I am a long-time reader of a free weekly newsletter titled “Zen Habits” by Leo Babauta, which offers advice on becoming – well – more “zen-like” and calm in the face of adversity and disappointment. On my October 5th birthday, Leo’s post was “Letting Go of the Need for Control.” My reaction was, “What a great birthday gift that would be! Come on, Leo. Tell me how to do that!”
First, Leo admits relinquishing control is a problem for him. “One of the things I struggle with in life is wanting to feel in control of how things will turn out – control of a trip I’m on, of a project I’m working on, of how my kids will turn out.” Yep, sounds like a universal issue. It’s certainly one of mine.
He continues: “I don’t think we ever really control how things will turn out. . . . What’s more, I’ve found that when I want to control the outcome of things, I become more anxious, more tense. I’m less happy with how other people do things, less happy with myself, less relaxed in the moment.”
I am not a control freak. I don’t always have to get my way. I play nice with others and do my best to be thoughtful and kind. I’ve received enough rejections to be humble and enough acceptances to know that some big publishing houses believe I have talent. However, like most writers, I struggle with feelings of powerlessness about my work. When will my agent send out the manuscripts she likes? When will editors respond? Why do things in this business move so slowly? (I had a manuscript accepted seven years ago by HarperCollins that still hasn’t been published!) Why? Why? Why?
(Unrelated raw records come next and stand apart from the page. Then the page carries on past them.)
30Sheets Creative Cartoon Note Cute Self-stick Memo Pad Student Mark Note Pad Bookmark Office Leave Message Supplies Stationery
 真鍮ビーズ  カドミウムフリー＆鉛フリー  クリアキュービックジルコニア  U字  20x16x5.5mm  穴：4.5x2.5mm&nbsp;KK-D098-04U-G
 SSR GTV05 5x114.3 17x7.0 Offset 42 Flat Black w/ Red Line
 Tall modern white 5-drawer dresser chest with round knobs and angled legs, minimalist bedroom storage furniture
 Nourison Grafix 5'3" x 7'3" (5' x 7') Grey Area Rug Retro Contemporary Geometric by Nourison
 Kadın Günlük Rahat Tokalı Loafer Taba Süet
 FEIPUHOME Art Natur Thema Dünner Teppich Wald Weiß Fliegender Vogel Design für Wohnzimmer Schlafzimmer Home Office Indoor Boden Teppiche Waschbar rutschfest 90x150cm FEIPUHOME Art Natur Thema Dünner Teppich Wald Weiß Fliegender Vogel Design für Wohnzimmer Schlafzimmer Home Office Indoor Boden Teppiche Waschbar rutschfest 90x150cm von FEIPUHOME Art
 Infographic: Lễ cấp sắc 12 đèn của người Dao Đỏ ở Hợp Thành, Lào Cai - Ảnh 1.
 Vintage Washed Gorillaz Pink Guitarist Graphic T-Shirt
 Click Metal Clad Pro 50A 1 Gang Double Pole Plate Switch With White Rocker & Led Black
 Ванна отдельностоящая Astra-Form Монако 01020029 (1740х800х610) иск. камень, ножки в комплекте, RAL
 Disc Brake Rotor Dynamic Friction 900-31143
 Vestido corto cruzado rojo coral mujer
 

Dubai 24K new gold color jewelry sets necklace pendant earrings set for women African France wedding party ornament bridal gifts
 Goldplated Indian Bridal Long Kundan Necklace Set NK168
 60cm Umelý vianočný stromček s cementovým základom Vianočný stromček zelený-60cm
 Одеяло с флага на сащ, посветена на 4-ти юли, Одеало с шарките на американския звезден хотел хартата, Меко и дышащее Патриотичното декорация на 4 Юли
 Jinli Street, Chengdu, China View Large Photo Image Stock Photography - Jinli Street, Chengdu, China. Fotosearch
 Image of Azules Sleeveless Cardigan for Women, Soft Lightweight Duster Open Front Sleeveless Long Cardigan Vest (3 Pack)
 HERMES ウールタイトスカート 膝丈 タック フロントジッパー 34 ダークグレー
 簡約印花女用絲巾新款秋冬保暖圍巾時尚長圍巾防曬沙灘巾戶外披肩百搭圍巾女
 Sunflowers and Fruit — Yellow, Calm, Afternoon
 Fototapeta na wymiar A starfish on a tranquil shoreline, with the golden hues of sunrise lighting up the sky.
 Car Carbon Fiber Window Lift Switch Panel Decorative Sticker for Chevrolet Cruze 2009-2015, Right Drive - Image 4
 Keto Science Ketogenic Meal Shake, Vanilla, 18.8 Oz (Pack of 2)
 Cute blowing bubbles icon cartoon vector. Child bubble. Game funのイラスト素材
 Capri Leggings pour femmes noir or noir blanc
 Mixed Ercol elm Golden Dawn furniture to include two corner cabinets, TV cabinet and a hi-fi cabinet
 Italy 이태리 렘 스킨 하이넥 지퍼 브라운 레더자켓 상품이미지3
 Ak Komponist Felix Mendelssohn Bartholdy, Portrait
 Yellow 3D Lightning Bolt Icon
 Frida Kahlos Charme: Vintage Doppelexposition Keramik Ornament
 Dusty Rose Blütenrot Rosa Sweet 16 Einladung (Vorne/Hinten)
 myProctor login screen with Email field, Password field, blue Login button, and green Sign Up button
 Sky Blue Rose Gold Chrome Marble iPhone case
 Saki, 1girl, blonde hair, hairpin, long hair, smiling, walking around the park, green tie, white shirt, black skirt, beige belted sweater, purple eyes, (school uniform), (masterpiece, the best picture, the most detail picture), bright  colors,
Here’s Leo Babauta says: “I can’t stop myself from wanting to control things,” he writes (thus proving that he’s human!) But he has learned to handle it: “I have to just notice the desire to control things, and let the urge happen. Just sit there and see the urge, feel it, be with it.
“Next,” Leo continues, “I turn to the moment and see the beauty of what’s in front of me. Of the ever-changing situation I find myself in. There’s joy in this situation, even if it’s uncontrolled. I don’t need to control things to enjoy them. I can just let things happen.” I warned you about the zen, right? However, I’ve found Leo’s advice to be practical. I continue to find joy in the process of writing. Some of what I write does eventually sell.
In the meantime, I find joy in being with my audience – children – one morning a week as a volunteer nature guide at a 200-acre farm and nature preserve. Last Thursday, while gathering eggs, a kindergarten student got scared by a chicken and threw his egg on the ground instead of putting it gently back in the nest (for another child to discover later.) The egg cracked, the chickens began gobbling it, and the little boy – whose name is Alex – looked stricken.
He was cheered by my zen-like response. “Don’t worry Alex. It’s just an egg. Plus, their behavior proves that you are SO much smarter than those hens! If they were smart, chickens would peck their eggs open and eat them for breakfast, instead of letting humans eat them!” Alex laughed, let go of his worries, and we all went off to visit the pigs. Zen in action! I do wonder what his mother said when he told he learned on his field trip that he is smarter than a chicken!